Les publications de ce média, portant sur des sujets beaucoup plus vastes et généraux que celles de la Défense Collective, servent aujourd’hui à légitimer notre dissolution au nom de d’une « provocation à des manifestations armées ou à des agissements violents à l’encontre des personnes ou des biens ». Pourtant, un rapide coup d’œil à nos publications (nous avons nos propres canaux de communication) suffit a démontrer qu’il n’en est rien.

En réalité, ce que vise cette procédure, ça n’est pas seulement un groupe qui défend à son échelle les cortèges et les militant.e.s arrêté.e.s, c’est surtout la dynamique et les pratiques de lutte qui se sont largement diffusées dans les grands mouvements depuis 2016. 

De la Loi Travail à la réforme des retraites, de la révolte des gilets jaunes aux émeutes qui ont suivi le meurtre de Nahel, la répression brutale qui s’est abattue contre tou.te.s celles et ceux qui se sont opposé.e.s au pouvoir aussi bien dans la rue que dans les tribunaux nous a démontré une chose : la défense collective est l’affaire de toute personne qui lutte. 

Et c’est là que cette procédure prend son sens pour le Ministère, puisqu’elle intervient lorsqu’un phénomène politique prend de l’ampleur. Par simple décision du Conseil des Ministres, sans procès ni juge indépendant, une organisation peut alors être déclarée illégale.

En pratique, ce dernier justifie cette décision par les « notes blanches » des services de renseignements, qui sont par nature des informations sans justifications vérifiables ni procédures clairement établies.

Et, depuis 2021 et la mise en place de sa « loi Séparatisme », le gouvernement s’octroie désormais la possibilité de dissoudre sur un critère largement étendu les groupes qu’il suspecte de « provoquer à des manifestations armées ou à des agissements violents à l’encontre des personnes ou des biens« .

C’est désormais sur cette base que les groupes issus du mouvement social sont attaqués, a contrario des groupes d’extrême-droite massivement dissous sur la base de critères liés au racisme et aux discriminations de genre. A contrario aussi des collectifs tels que le CCIF visés par les critères liés aux discriminations et aux agissements terroristes. 
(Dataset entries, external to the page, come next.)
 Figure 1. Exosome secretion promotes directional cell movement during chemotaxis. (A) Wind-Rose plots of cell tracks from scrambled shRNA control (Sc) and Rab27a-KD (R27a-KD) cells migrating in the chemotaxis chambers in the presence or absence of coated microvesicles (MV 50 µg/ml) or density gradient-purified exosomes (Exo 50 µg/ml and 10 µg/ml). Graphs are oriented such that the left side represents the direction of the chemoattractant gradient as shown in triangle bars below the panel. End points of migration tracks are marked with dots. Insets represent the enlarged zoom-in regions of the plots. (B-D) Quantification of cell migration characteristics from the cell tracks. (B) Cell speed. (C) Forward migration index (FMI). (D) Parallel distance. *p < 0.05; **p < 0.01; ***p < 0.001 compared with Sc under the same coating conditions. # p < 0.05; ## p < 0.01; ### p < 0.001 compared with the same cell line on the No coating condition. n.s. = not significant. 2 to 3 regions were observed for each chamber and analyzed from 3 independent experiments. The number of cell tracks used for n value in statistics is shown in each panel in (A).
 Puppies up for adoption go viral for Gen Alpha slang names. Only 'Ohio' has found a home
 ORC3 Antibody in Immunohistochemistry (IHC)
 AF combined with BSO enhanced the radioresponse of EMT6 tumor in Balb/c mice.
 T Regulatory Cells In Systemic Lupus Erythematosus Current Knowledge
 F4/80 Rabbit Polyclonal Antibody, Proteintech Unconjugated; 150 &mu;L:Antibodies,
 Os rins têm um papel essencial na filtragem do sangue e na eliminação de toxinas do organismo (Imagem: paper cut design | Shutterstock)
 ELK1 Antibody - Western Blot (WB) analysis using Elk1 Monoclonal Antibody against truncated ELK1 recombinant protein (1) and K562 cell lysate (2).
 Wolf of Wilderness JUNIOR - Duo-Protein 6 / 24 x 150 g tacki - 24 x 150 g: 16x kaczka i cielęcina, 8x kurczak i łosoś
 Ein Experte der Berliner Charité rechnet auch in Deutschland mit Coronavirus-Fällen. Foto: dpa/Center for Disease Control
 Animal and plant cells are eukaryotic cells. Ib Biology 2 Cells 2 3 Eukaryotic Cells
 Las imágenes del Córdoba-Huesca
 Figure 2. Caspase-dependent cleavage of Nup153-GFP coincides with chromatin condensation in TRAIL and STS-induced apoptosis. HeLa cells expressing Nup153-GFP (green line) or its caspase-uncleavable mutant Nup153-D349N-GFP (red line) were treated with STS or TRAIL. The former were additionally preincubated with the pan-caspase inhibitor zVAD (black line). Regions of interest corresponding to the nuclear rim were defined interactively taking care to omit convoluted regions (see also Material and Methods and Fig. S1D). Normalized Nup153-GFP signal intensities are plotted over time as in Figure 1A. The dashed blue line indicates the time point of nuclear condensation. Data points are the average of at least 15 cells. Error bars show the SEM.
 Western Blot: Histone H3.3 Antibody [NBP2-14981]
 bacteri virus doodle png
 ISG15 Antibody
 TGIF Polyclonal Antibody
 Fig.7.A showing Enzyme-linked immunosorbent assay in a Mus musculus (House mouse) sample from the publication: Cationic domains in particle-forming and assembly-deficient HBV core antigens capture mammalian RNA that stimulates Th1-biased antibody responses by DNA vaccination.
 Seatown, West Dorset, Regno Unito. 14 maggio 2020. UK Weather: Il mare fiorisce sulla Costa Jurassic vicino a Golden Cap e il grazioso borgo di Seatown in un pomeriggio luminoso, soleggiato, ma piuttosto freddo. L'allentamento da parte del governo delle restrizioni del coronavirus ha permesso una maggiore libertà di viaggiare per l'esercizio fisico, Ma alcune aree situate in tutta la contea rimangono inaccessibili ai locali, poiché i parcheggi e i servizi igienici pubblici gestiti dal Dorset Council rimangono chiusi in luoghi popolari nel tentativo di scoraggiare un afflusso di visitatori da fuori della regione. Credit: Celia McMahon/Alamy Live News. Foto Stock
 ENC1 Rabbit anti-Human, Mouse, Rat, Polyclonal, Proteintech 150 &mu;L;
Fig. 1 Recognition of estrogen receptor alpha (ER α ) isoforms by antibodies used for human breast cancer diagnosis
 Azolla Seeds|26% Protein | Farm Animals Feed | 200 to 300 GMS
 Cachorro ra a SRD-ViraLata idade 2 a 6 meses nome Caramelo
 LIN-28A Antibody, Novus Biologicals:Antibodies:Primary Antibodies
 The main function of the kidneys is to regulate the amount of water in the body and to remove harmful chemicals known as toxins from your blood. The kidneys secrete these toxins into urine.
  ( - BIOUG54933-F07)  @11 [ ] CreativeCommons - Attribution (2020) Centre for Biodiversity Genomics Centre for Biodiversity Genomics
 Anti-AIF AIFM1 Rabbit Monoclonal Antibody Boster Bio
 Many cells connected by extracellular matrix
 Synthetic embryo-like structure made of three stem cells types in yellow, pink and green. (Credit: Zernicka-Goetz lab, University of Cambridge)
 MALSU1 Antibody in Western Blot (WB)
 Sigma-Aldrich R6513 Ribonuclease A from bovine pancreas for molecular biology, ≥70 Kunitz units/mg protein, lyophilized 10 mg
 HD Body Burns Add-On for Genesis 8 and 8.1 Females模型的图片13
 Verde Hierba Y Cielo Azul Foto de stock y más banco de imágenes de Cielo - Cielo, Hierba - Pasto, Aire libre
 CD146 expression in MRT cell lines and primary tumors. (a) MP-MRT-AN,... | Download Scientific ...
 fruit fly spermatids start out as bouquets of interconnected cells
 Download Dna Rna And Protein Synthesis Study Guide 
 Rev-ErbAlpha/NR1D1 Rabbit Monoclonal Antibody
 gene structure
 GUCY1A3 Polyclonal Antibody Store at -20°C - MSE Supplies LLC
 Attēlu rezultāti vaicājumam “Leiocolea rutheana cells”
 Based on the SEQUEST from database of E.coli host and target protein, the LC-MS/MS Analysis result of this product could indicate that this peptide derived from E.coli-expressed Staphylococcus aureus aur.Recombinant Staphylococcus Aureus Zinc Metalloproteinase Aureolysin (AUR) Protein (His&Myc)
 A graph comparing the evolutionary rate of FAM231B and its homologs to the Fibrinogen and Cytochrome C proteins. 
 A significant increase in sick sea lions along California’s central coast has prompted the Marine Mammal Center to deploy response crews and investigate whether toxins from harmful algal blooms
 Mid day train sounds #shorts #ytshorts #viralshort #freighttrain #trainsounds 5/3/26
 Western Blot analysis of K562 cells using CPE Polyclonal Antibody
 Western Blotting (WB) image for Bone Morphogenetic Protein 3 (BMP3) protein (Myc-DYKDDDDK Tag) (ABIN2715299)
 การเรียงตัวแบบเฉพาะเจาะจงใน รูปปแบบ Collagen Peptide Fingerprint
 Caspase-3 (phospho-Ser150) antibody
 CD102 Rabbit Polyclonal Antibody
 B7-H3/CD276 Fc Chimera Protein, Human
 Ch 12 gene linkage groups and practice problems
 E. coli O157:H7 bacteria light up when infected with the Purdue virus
Mais, nous l’avons compris en étudiant les procédures récentes relatives au critère de 2021, les collectifs visés par les mesures de dissolution ne sont pas forcément ceux qui appelleraient ou qui pratiqueraient certaines formes de violence politique. Ce sont les groupes larges, rejoignables, et dotés d’une force d’appel conséquente, dont le discours aurait une certaine popularité au-delà des partis institutionnels et des syndicats : la diffusion d’une forme d’écologie radicale issue des ZAD avec les Soulèvements de la Terre, d’un antifascisme populaire et combatif avec le GALE dans la ville où l’extrême-droite de rue est la plus dangereuse et organisée, et de celles des pratiques issues des gilets jaune avec le Bloc Lorrain dans une région marquée par le reflux des grandes mobilisations ouvrières.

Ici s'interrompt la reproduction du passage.